What About the Ladies?

Cleveland League of Women Voters

This is a photo of the Cuyahoga County Women's Suffrage Association which was disbanned in 1920.  This group then formally became the League of Women Voters of Cleveland in that same year.  Many smaller organizations joined the League of Women Voters including the Cleveland Women's Suffrage Party of 1914. 

The League of Women Voters in the Cleveland chapter was the first chapter to send out opinion questionnaires on candidates and have public forums between competing candidates before elections.

This photo is the headquarters for the League of Women Voters in Cleveland.  This photograph contains some very influential Cleveland suffragettes such as Miss Belle Sherwin (extreme right) who was the National League of Women Voters president in 1912.  In addition, B. Judge Florence E. Allen is pictured holding the flag.  She was the first women to serve on the Ohio Supreme Court.

The organization was used to teach women how to exercise their right to vote.   Today the organization is divided into three tiers:  local, state, and national.  They help people register to vote, help provide unbiased information on the candidates, and sponsor debates.  These are just a few of the organizations acitivies that help citizen in his/her community.  

This photograph shows the opposition to the suffrage movement.
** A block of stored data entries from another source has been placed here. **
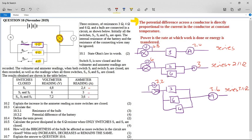Explain the increase in the ammeter reading as more switches are closed. As you close more switches, you are adding more parallel resistors. The more parallel resistors you have, the total resistance decreases. The current is inversely proportional to the resistance if the voltage can't change. So if the total resistance decreases, the current increases. As more parallel resistors are added, the total resistance decreases, and because they are inversely proportional, the current goes up.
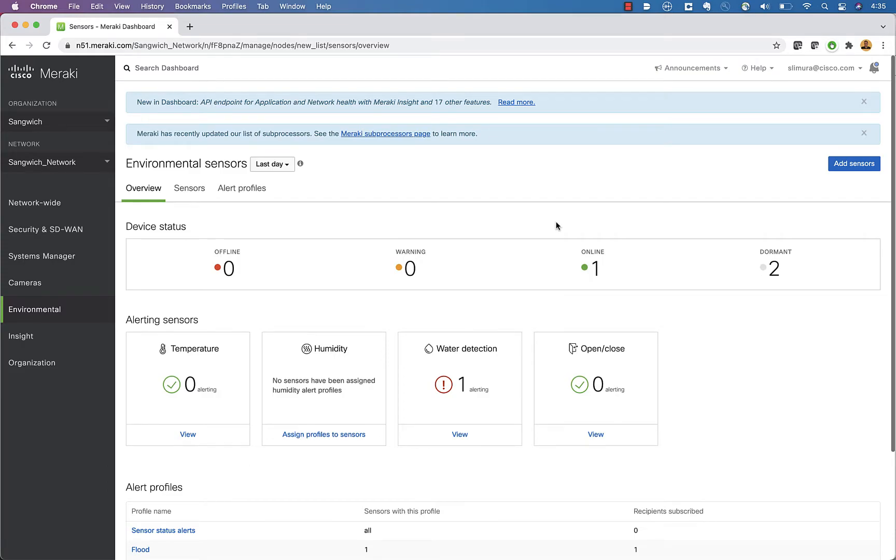Okay guys, quick video for today. I just want to show off a new feature inside the Meraki dashboard for the MT environmental sensors working with the Meraki cameras now.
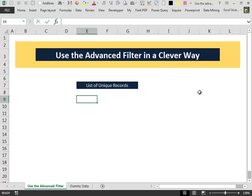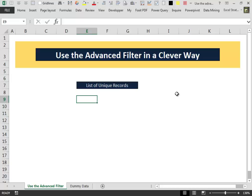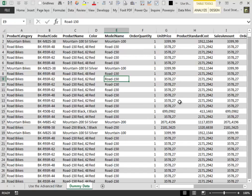While I was shooting that video, I used a very important method for the advanced filter that comes so natural to me that I completely forgot it is a very useful tip for advanced filter usage. So I want to integrate this with my last video.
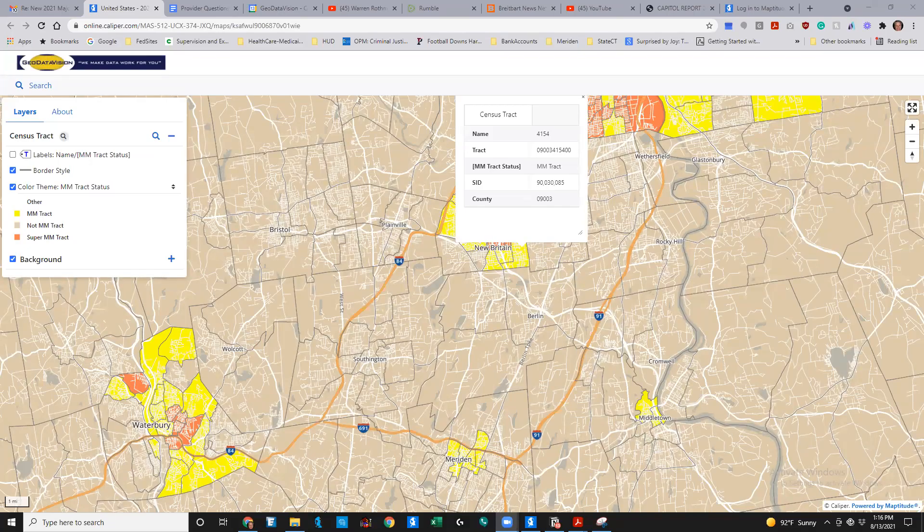This video is a brief explanation of the purpose and use of the National Majority-Minority Track Map created by Geodatavision for bankers and the public's use. Majority-Minority Tracks are an important factor in fair lending analysis and are used to determine if lenders are avoiding certain neighborhoods with high minority populations.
The organized group is titled the National Association Opposed to Women's Suffrage.  Often these men who were opposed to women's suffrage were brewers or distillers of alcohol.  The men believed that if women gained the power to vote, that women in power would then outlaw alcohol.  In addition, the movement was also fueled by distinct physical differences.  Women would have trouble making it to voting polls because it would exhaust them.  Some men believed that the emotional instabiltiy of women would make her a "dangerous voter".  Furthermore, women might vote twice, jeopardizing national security which may lead to war.  Many men, such as President Grover Cleveland believed that the woman's place was in the home.  Men felt women would let her emotions rather than her rational thinking sway her vote.  Even though the anti suffragist movement was strong, women finally achieved equality by voting in 1920 with the 19th amendment to the Constitution.